At any rate, a common theme is that you can only list a _very_ limited list of options in each pie menu and so they must be heavily nested. Some say that the pie menu must display not only the current options, but the children of the current options. I'm not aware of any pie menu implementations that do this; you need only display the sub-options of currently highlighted or selected options, just like a normal linear menu. There is no need to display all suboptions of all options in the current menu. Why would you want to do this? If I wanted the latter behavior, I'd have thrown up a dialog box with a sea of buttons instead.

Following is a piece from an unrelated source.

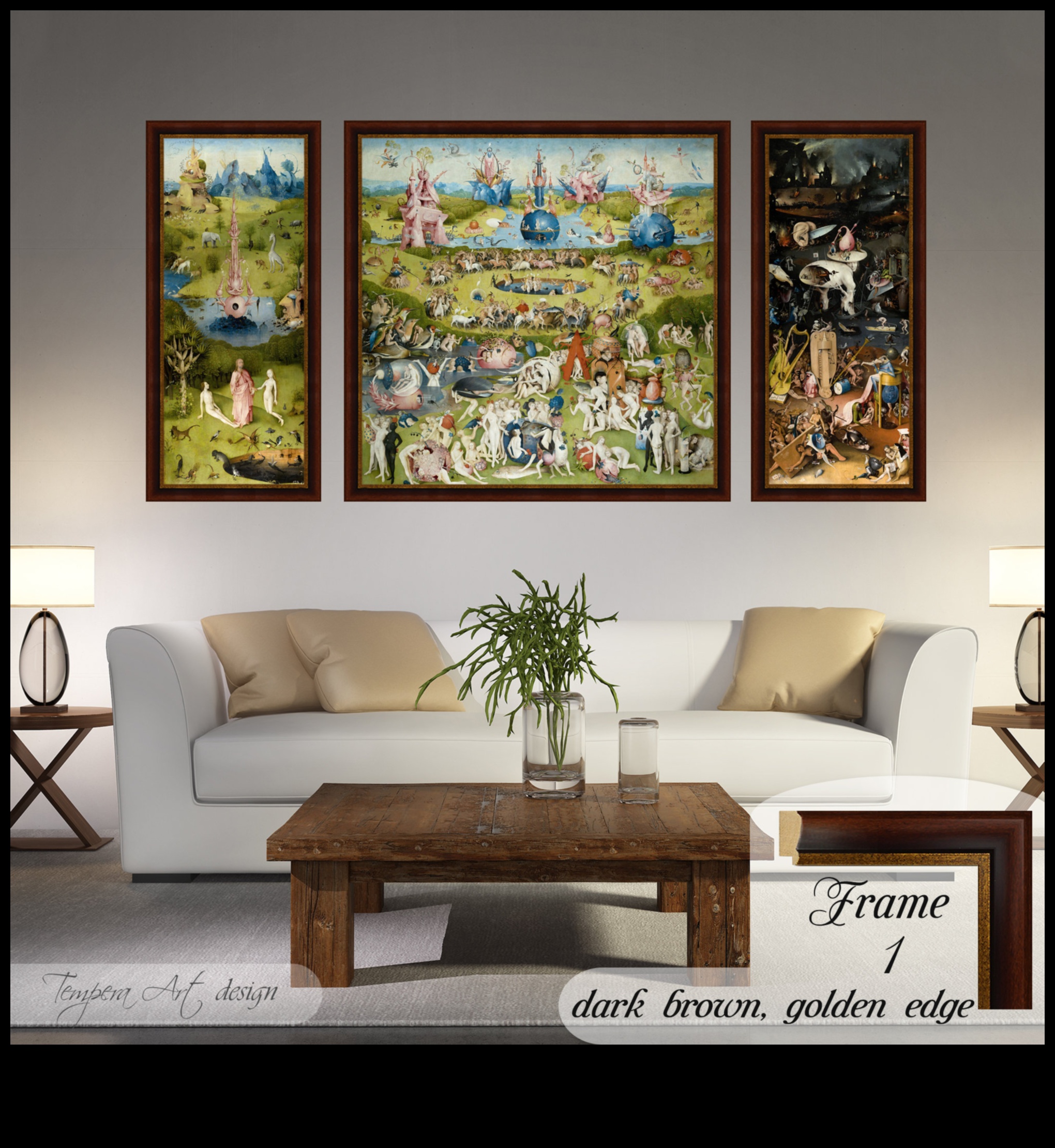 קנבס של יצירתיות הרם את הגינה שלך עם תענוגות אמנותיים 2 קנבס של יצירתיות: הרם את הגינה שלך עם תענוגות אמנותיים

I'm not sure what this is talking about. As far as I can tell, it's total nonsense.

The pie menu must really be a map of much of it's nested tree - at least 2 layers per menu. it could be represented to the user as follows:

   OOO
 O  |  O
 O--+--O
 O  |  O
   OOO

where the center O in each triple is the there-back gesture. Also, pie-menus must be _labeled_. Firefox suffers severely in that the user must wait for some time before the gesture will display. So, the failure of FireFox to display pie menus in a timely manner invalidates the entire concept? Laying the menus graphically like so:

    O+O
     O
 O   |   O
 +O--+--O+
 O   |   O
     O
    O+O

would afford each gesture plenty of label space without needing gestures to run over each other, but it would claim a lot of screen estate. It also would be more visually sensible to the user, as the user can see they must move to the next "+" to reach the next menu. Of course, the + tree would be replaced with a single "O" for the child if that was a leaf (an actual command, or an objectlist menu).

Either way, linear lists would still be needed in places where the menu is being used to show a list of like objects.